This is a source code used by the team French Eagles for Kaggle "Home Depot" competition. It's also a project for Information Retrieval and Data Mining 2016 module at UCL.
- Clone this repository
- Create 'data' directory in project root directory as well as in AllenLucene
- Download and unzip data files from Kaggle competition website to 'root' data directory.
- Run before_lucene.py. It should create files AllenLucene/data/train.csv, AllenLucene/data/test.csv and directory AllenLucene/data/files with 124428 files.
- Open AllenLucene project in IntelliJ IDEA or other Java IDE.

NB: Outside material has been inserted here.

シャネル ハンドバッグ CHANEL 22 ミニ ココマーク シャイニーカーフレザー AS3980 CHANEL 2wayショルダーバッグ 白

- Include the follwing jars in your project: opencsv-3.7, lucene-queryparser-5.4.11, lucene-demo-5.4.11, lucene-core-5.4.11, lucene-analyzers-common-5.4.11.
- Run IndexFiles.java. It should create directory AllenLucene/data/index.
- Run SearchFiles.java. It should create files AllenLucene/data/lucene_train.csv and AllenLucene/data/lucene_test.csv.
- Run preprocess_forum_stem.py. It should create files data/features_train.csv and data/features_test.csv.
- Run learn.py. It should create file data/my_submission.csv.
- Submit my_submission.csv file on kaggle and enjoy your result!